At a certain point, this failure had to be having a financial effect. The volumes of gamers who were now not going to buy Ubisoft products because of the DRM had to be making a difference. And perhaps most of all, the company's reputation amongst PC gamers was absolute mud. While we would have liked to see other gaming sites doing an awful lot more in the fight against this treatment, there was no doubt that the DRM was widely derided by the press (beyond a few apologists), and the sentiment was shared by readers. With PC releases receiving frequent and unexplained 11th hour delays, and in some cases porting issues when they were finally released, the PC gaming community received a message from Ubisoft, no matter how much it was or wasn't intended: We think you're pirating scum, and you are our last priority.

When a platform makes up around 10% of your revenue (in a field also containing Xbox, PS3, Wii, 3DS, DSi, and mobile), that's not a great position to be in. And Ubi had two choices - abandon PC as a lost cause and lose 10% of their revenue, or try to fix it.

Fixing it makes more sense, right? Especially when the publisher has created a series of initiatives to pursue the free-to-play market, only viable on PCs. With Anno, Silent Hunter and Might & Magic browser games in development, and new IPs like The Mighty Quest For Epic Loot ready for beta, releasing these into a widely hostile environment was possibly not a great plan.
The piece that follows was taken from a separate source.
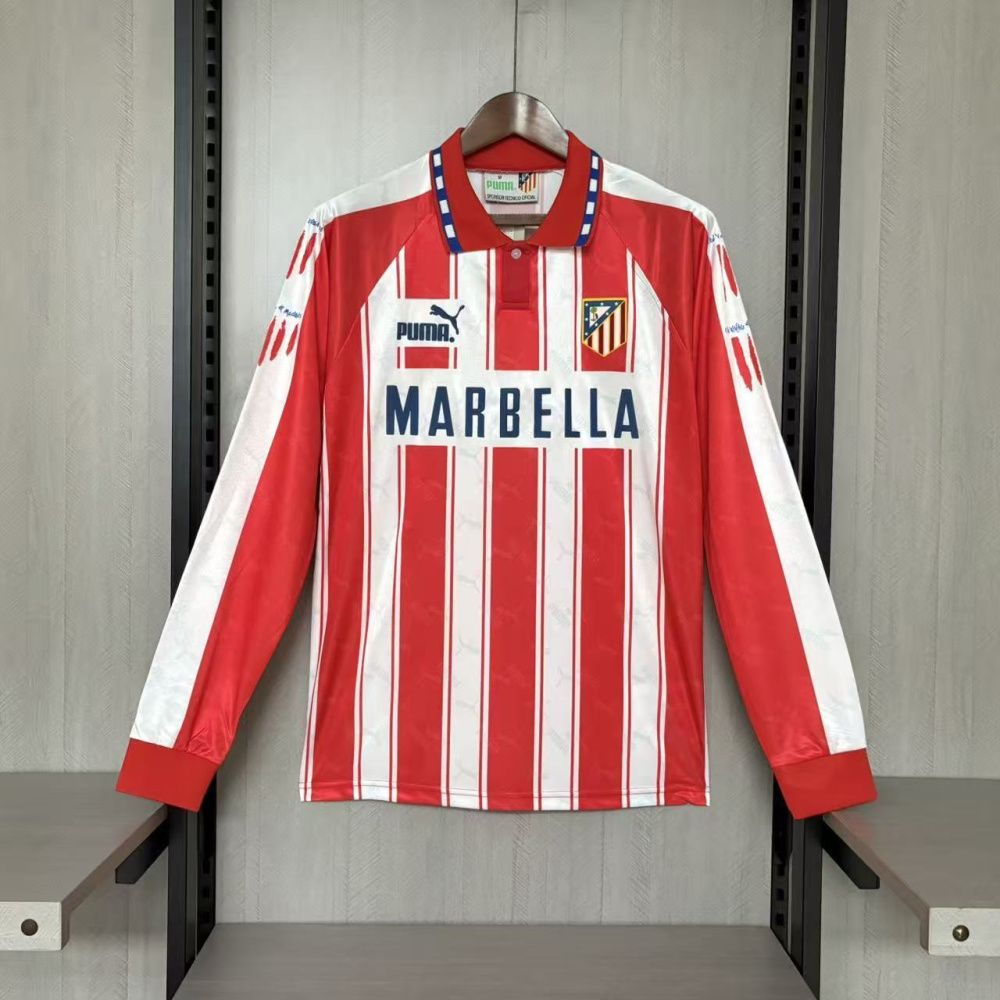 Camisa Retrô Manga Longa Atlético de Madrid I - Puma 94/95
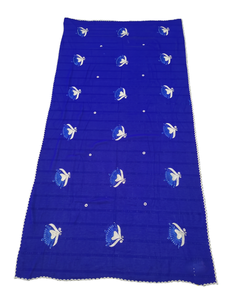 Écharpe en mousseline de soie pour femme, motif floral, perles et strass brodés, légère, respirante, douce, personnalisable OEM ODM, vente en gros - Product Image 2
And with the current generation of consoles ending their lifespan, and the next gen still not announced, there are uncertain waters. Now is a bad time to be neglecting the steady ship of the PC - the place where there's currently good potential for growth. It was perhaps time to not-quite-say sorry.

We don't know if that's all the case. I suspect it, but I was wrong about something once before, and it could happen again. But who cares how cynical that decision might have been? The end result is that there has been a decision made to stop breaking their games, they're treating legitimate customers with more dignity, and focusing on PC as an important part of their market. It's a win.